At the end of January and into February, two of the coldest months of the year, a process more suited to warmer weather unfolds in ranch country. It often requires a midwife who wears boots and spurs, and who can go sleep deprived for a few months. It is called calving season.
Calving in the cold keeps ranchers like 25 year old Tyler Pieper and his wife, Heidi, very, very busy.
“When it’s cold we continually check every hour to hour and a half to monitor the cows,” said Pieper, who ranches near Farnam in southwest Nebraska and is a member of the Frontier County Farm Bureau.
Pieper and his wife look over about 275 first calf heifers and 150 cows as they give birth to their babies in sometimes below freezing temperatures. We do what we can to keep them out of extremely cold conditions, and keep them comfortable, he said.

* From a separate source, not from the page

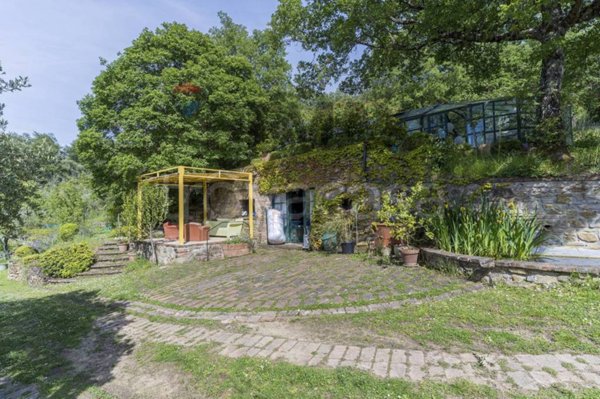 casa indipendente in vendita a Paciano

“When it’s cold and we see them start to deliver, we get them in the barn to make sure their calves are born out of the elements. If the weather is nice, we let them have their babies outside,” said Pieper. Of the 275 first calf heifers and 150 cows who are giving birth this season about 115 to 120 of them have gone through the barn at one stage or another because of the cold.
Cattle Come First
Everything the Pieper’s do on the ranch revolves around the cattle. Cattle come first, Pieper said.
“As a rancher, I am responsible for those cows and their calves. Sometimes there is a fine line between life and death. They depend on humans to take care of them, so it is my responsibility to check on them when they are born outside and take them to the warming room in our calving shed and make sure they get dried off. It doesn’t matter if it’s 2:00 in the morning or 2:00 in the afternoon. This is not an eight to five job. There isn’t such a thing in agriculture,” he said.
A lot is done to prevent the calves from getting too cold. It’s normal for ranchers to check a calf’s temperature. A good temperature is around 99 to 100 degrees. Anything lower and it’s into the barn for the calf. It’s important to get their temp up to normal so that they are strong enough to get their mother’s first milk, Pieper said.
The first milk is essential, it contains colostrum which supplies the calf with anti-bodies needed for a healthy immune system. It also allows the bond between calf and mother to begin.
“We both grew up around cattle. I would work livestock with my dad, Dr. Kent Pieper, who is the veterinarian in Farnam. My wife, Heidi, grew up in Dunlap, Iowa, and helped her folks run both of their livestock markets, a physical place where farmers and ranchers go to buy and sell cattle. We both have the same passion for agriculture and feel blessed to do what we love,” Pieper said.